Emma decretara que a virgindade de Rosey custaria um dragão de
ouro. Pate poupara nove veados de prata e um cântaro de estrelas e dinheiros
de cobre, mas isso de nada lhe serviria. Teria tido mais chance de trazer ao
mundo um dragão verdadeiro do que de poupar moedas suficientes para um
de ouro.
— Nasceu tarde demais para dragões, moço — disse a Roone
Armen, o Acólito.
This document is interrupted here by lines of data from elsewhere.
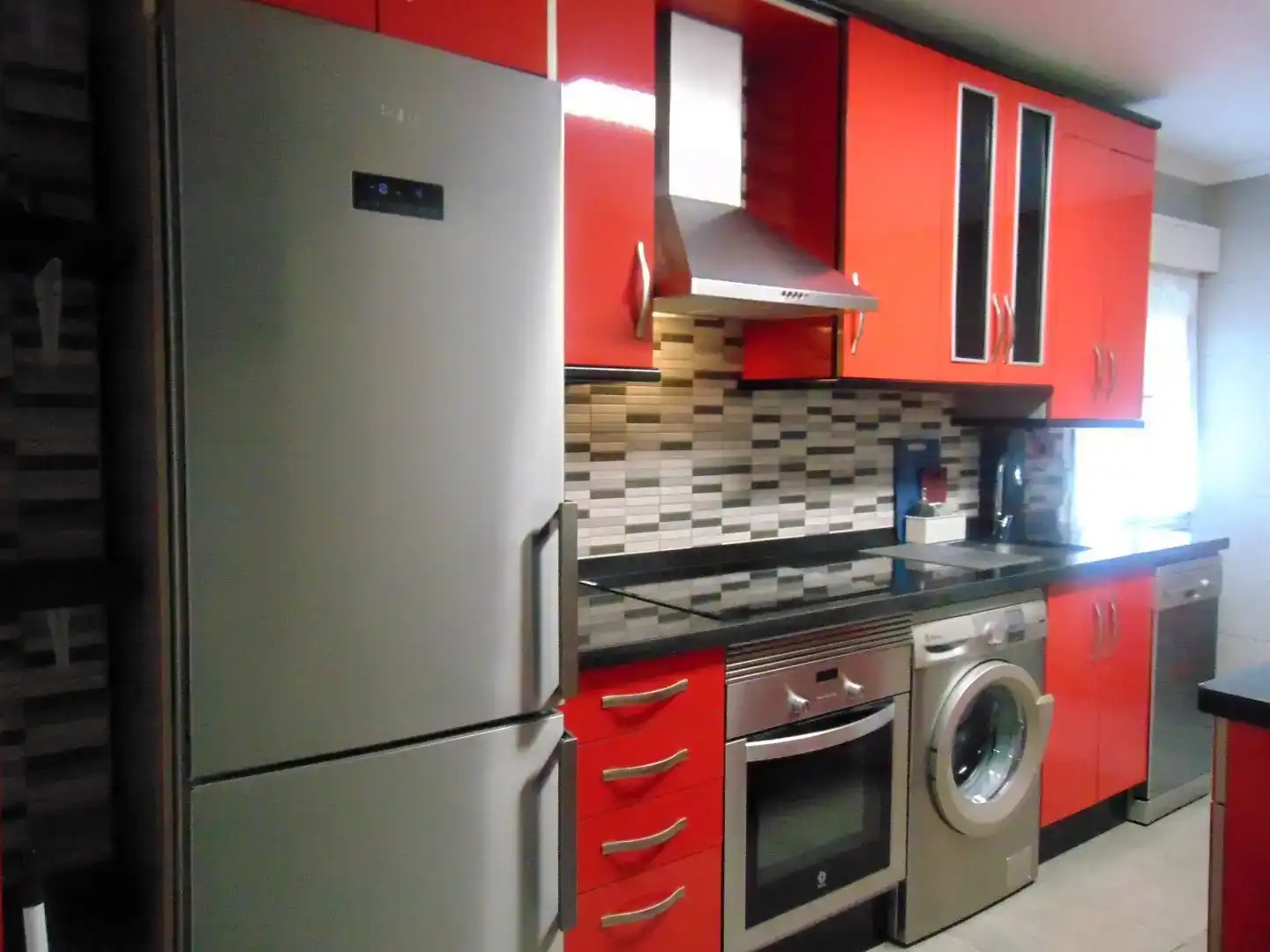 Küche von Wohnung zur Miete in Lena mit Parkett und Möbliert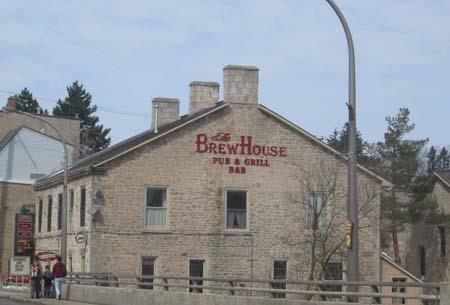 This photo features the three cut limestone chimneys of 170 St. David Street South, 2007.; Lindsay Benjamin, 2007.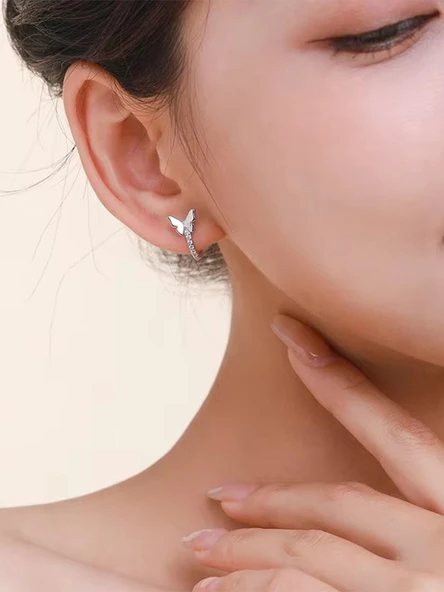 Timeless Series Zarif Kelebek Tasarım J Model Gümüş Kadın Küpe - Resim 2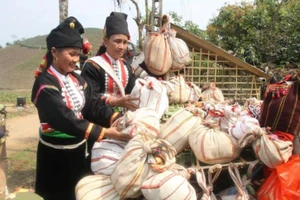 Đồng bào Khơ Mú treo túi quần áo tại lán thờ để cầu mong sức khỏe, con cháu được thần linh che chở.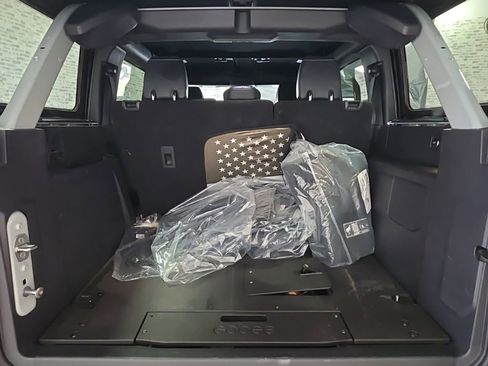 Used 2021 Ford Bronco First Edition AWD/4WD image 17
Armen usava uma tira de couro em volta do pescoço,
amarrada com elos de peltre de estanho, chumbo e cobre, e tal como a
maioria dos acólitos, parecia pensar que os noviços tinham nabos crescendo
entre os ombros no lugar das cabeças. — O último morreu durante o reinado
do Rei Aegon Terceiro.
— O último dragão em Westeros — insistiu Mollander.
— Atire a maçã — voltou a pedir Alleras. Era um jovem bem
apessoado, o Esfinge. Todas as criadas tinham um fraco por ele. Até Rosey
lhe tocava por vezes no braço quando lhes trazia vinho, e Pate tinha de
ranger os dentes e fingir não ver
— O último dragão em Westeros foi o último dragão — disse Armen
com teimosia. — Isso é bem sabido.
— A maçã — disse Alleras. — A menos que queira comer ela.
— Aqui. — Arrastando a perna de pau, Mollander deu um curto
salto, rodopiou e arremessou horizontalmente a maçã para as névoas que
pairavam sobre o Vinhomel. Se não fosse o pé, teria sido um cavaleiro como
o pai. Tinha a força necessária naqueles braços grossos e ombros largos. A
maçã voou para longe rápido…
… mas não tão rápido como a seta que assobiou no seu encalço, um
metro de haste de madeira dourada com penas escarlates. Pate não viu a seta
atingir a maçã, mas ouviu-a. Um tchunc suave ecoou por sobre o rio, seguido
por um esparrinhar de água.
Mollander assobiou.
— Mesmo em cheio. Boa.
Nem de perto tão boa como Rosey. Pate adorava os seus olhos cor de
avelã e os seus seios em botão, e o modo como ela sorria sempre que o via.
Adorava as covinhas no seu rosto. Ela por vezes andava descalça enquanto
servia, para sentir a erva sob os pés. Também adorava isso. Adorava o cheiro
limpo e fresco que ela exalava, o modo como o cabelo se lhe curvava sob as
orelhas. Até adorava os seus dedos dos pés. Uma noite deixara-o esfregar-lhe
os pés e brincar com eles, e ele inventara uma história divertida para cada
dedo, a fim de pô-la aos risinhos.
Talvez fizesse melhor em permanecer deste lado do mar estreito.
Podia comprar um burro com o dinheiro que poupara, e ele e Rosey podiam
montá-lo por turnos enquanto vagueavam por Westeros. Ebrose podia não o
achar merecedor da prata, mas Pate sabia como endireitar um osso e curar
uma febre com sanguessugas. O povo ficaria grato pela sua ajuda. Se
conseguisse aprender a cortar cabelo e a fazer barbas, podia mesmo tornar-se
barbeiro. Isso seria o bastante, disse a si próprio, desde que tivesse a Rosey.
Rosey era tudo o que desejava no mundo.
Nem sempre fora assim. Em tempos sonhara em ser um meistre num
castelo, ao serviço de qualquer senhor generoso que o honrasse pela sua
sabedoria e lhe concedesse um belo cavalo branco a fim de lhe agradecer
pelos seus serviços. E quão alto o montaria, quão nobremente, concedendo
sorrisos aos plebeus quando passasse por eles na estrada… Uma noite na
sala comum do Pena e Caneca, após a segunda caneca de uma cidra
terrivelmente forte, Pate gabara-se de que não seria noviço para sempre.